_WORK INSTRUCTIONS_
Print word for word whatever lies between the first line of the material and the line holding "The fourth Racor", both included, and omit all pictures.

Segment Start: PROVIDED DATA

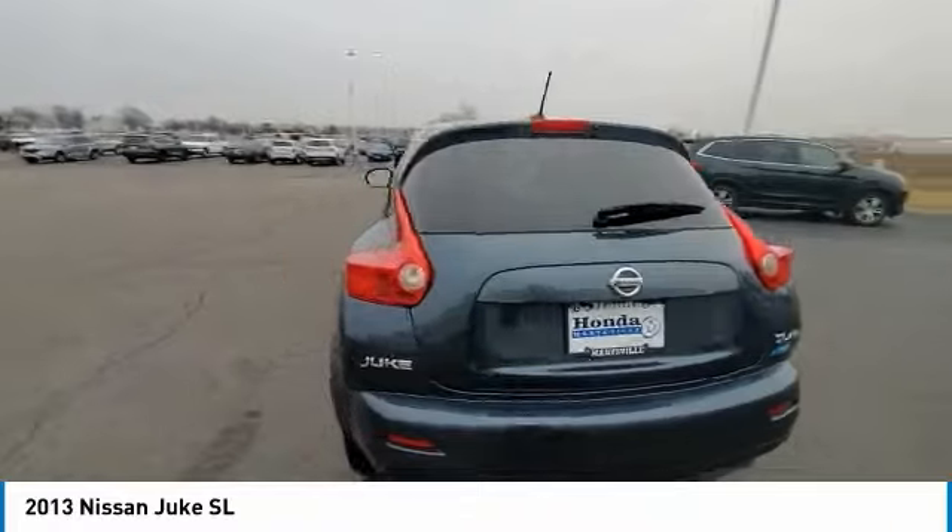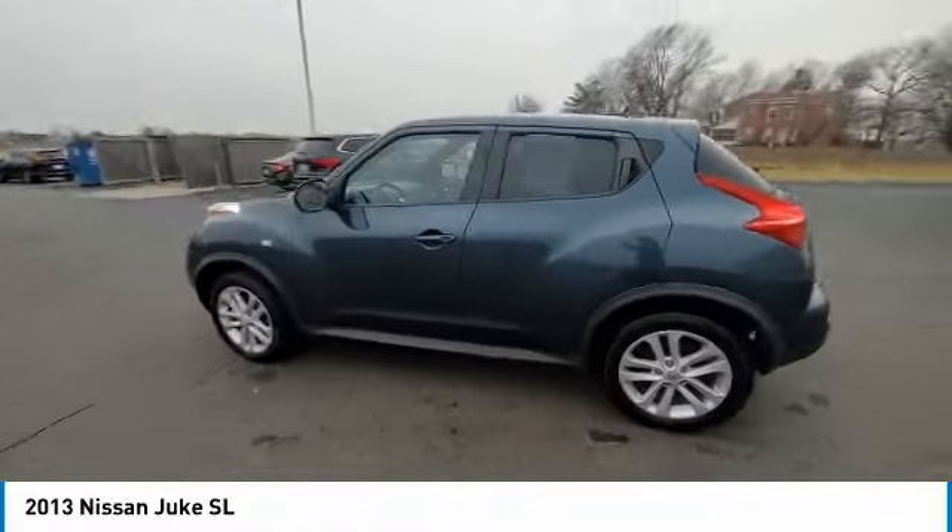This vehicle has less than 85,000 miles. Here are some of this vehicle's great options.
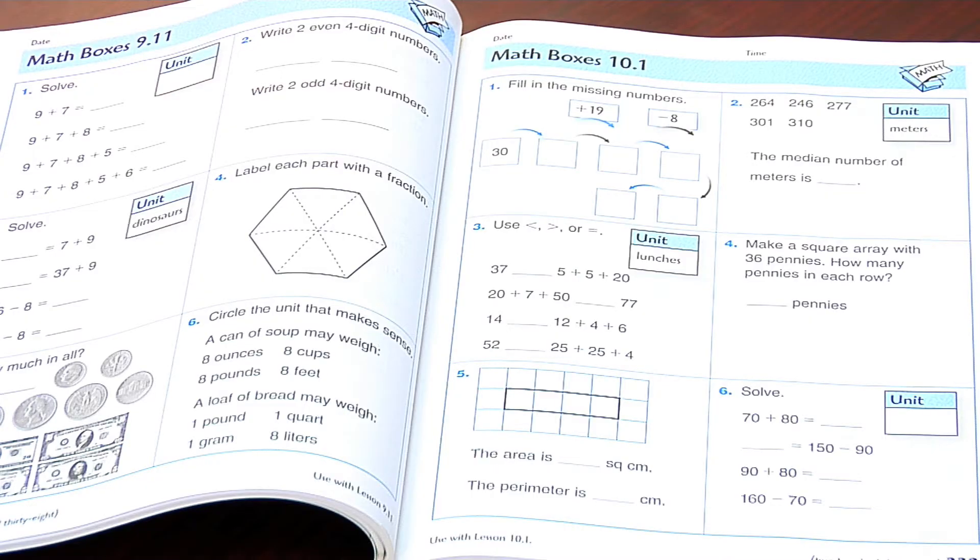One very unique and important component of Everyday Math is the opportunity to go back and revisit concepts to really strengthen them. That opportunity comes with our math box pages, which show up throughout the lessons and give children a chance to go back and practice something they may have learned a week ago, a month ago, or even a year ago — to make sure they're still understanding it and growing in the process.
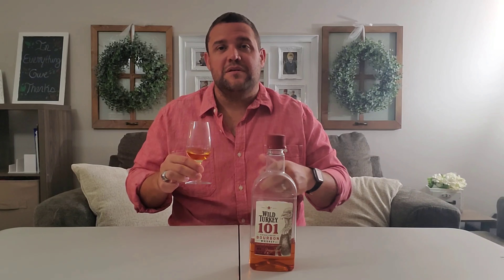On the nose: spices — you get cinnamon, allspice, vanilla, caramel, a little bit of nutmeg. There's also a little bit of citrus notes, some lemon-lime kind of shining through there. A little bit of oak on the back.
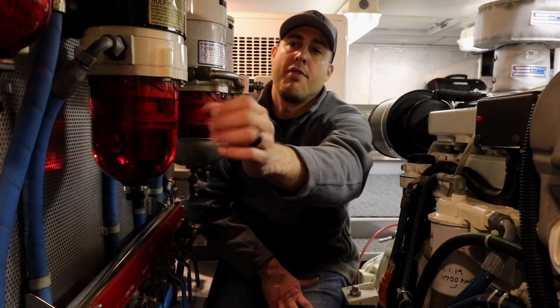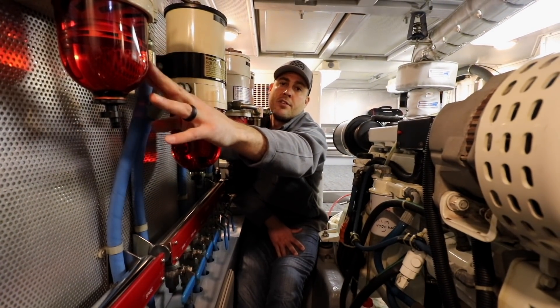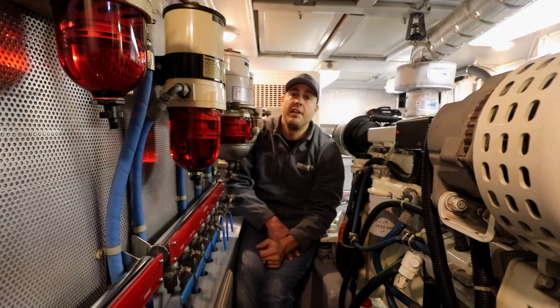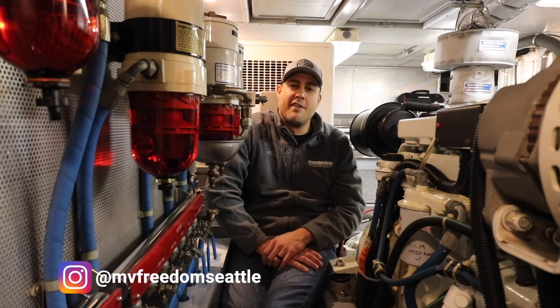The fourth Racor filter we have is smaller in size, and this fuel filter is used for cleaning the fuel before it gets to our generator. That concludes the tour of the fuel system aboard our Nordhaven. We hope you agree that it's very well engineered and a very robust system suitable for a trawler capable of ocean crossings. Until next time, cheers guys!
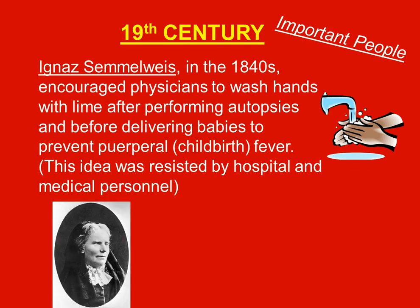Ignaz Semmelweis in the 1840s encouraged physicians to wash hands with lime after performing autopsies and before delivering babies, to prevent puerperal childbirth fever. This idea was resisted by hospitals and medical personnel at first, because what he was saying was essentially that the doctors themselves were creating the puerperal fever by spreading infection. Physicians of that day were regarded as very clean gentlemen, so the suggestion that they were causing the diseases was unheard of.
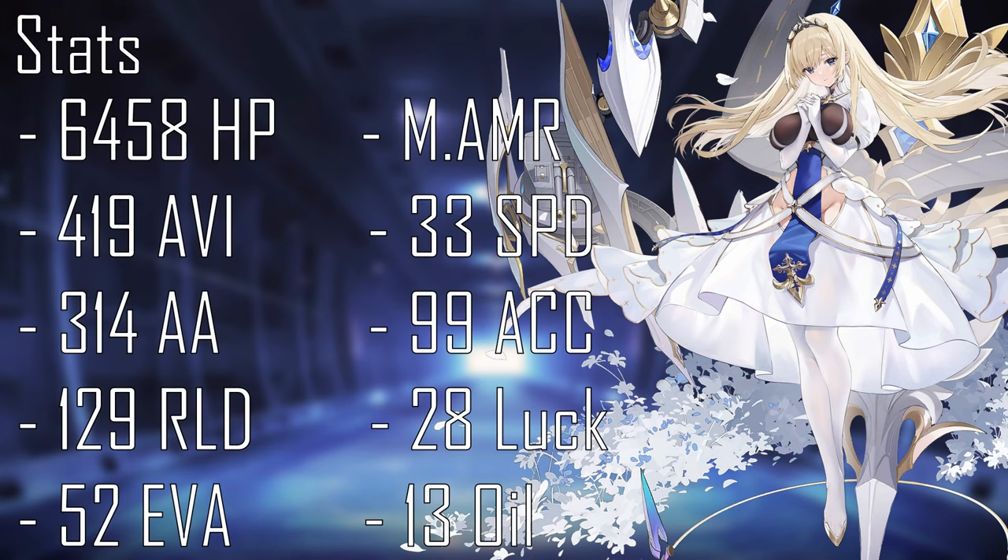At level 125, with max affinity and enhancements, Paine Lavé has 6,458 HP, 419 aviation, 314 AA, 129 reload, 52 evasion, medium armor, 33 speed, 99 accuracy, 28 luck, and consumes 13 oil.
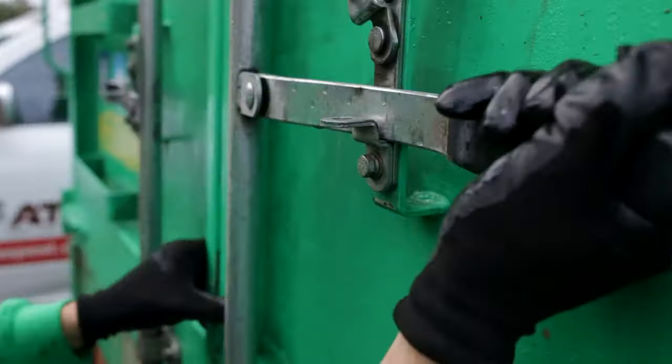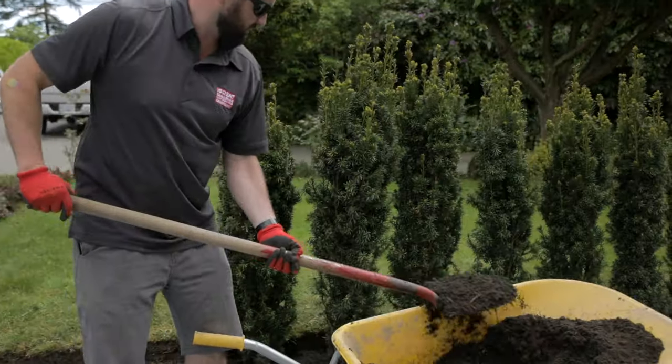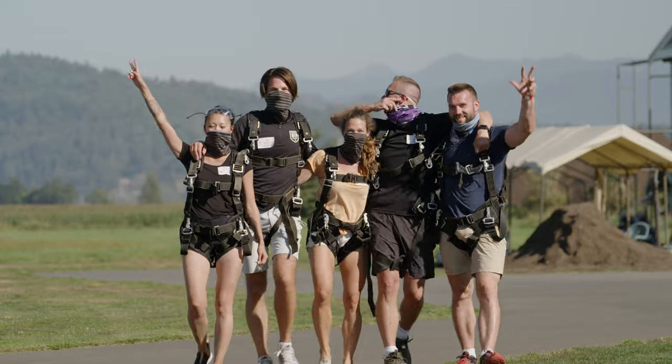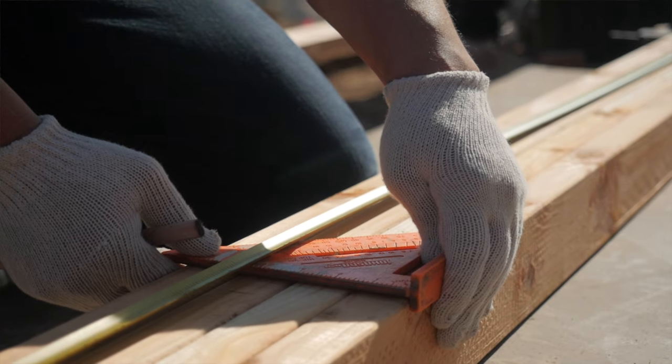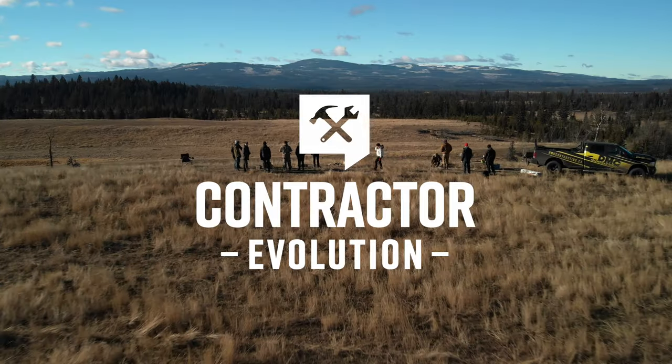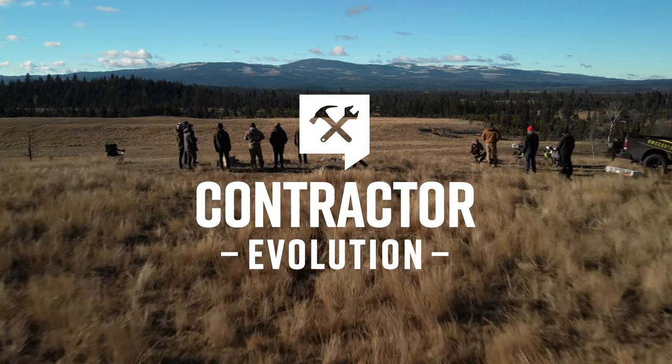You're watching Contractor Evolution, where we unpack the systems, tactics, and skills you need to take your fast-growing contracting business to the next level. You're here to learn what it takes to scale up, work less, and increase profitability. Stay tuned to learn what separates the new breed of contractor from the old school, and welcome to your ultimate guide on the business of contracting.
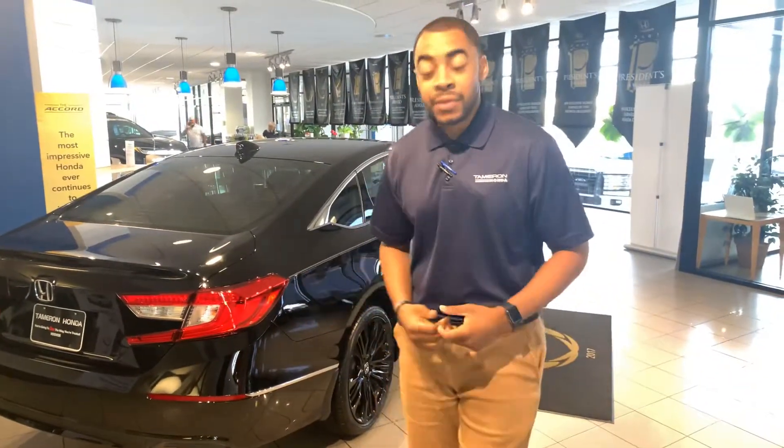Vivian, good morning. My name is Christopher at Tamron Honda. I saw you were in the market for a new Accord and I want to show you what it has and why it's such a nice vehicle.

Segment End: PROVIDED DATA

_EXERCISE SOLUTION_
This vehicle has less than 85,000 miles. Here are some of this vehicle's great options.
One very unique and important component of Everyday Math is the opportunity to go back and revisit concepts to really strengthen them. That opportunity comes with our math box pages, which show up throughout the lessons and give children a chance to go back and practice something they may have learned a week ago, a month ago, or even a year ago — to make sure they're still understanding it and growing in the process.
On the nose: spices — you get cinnamon, allspice, vanilla, caramel, a little bit of nutmeg. There's also a little bit of citrus notes, some lemon-lime kind of shining through there. A little bit of oak on the back.
The fourth Racor filter we have is smaller in size, and this fuel filter is used for cleaning the fuel before it gets to our generator. That concludes the tour of the fuel system aboard our Nordhaven. We hope you agree that it's very well engineered and a very robust system suitable for a trawler capable of ocean crossings. Until next time, cheers guys!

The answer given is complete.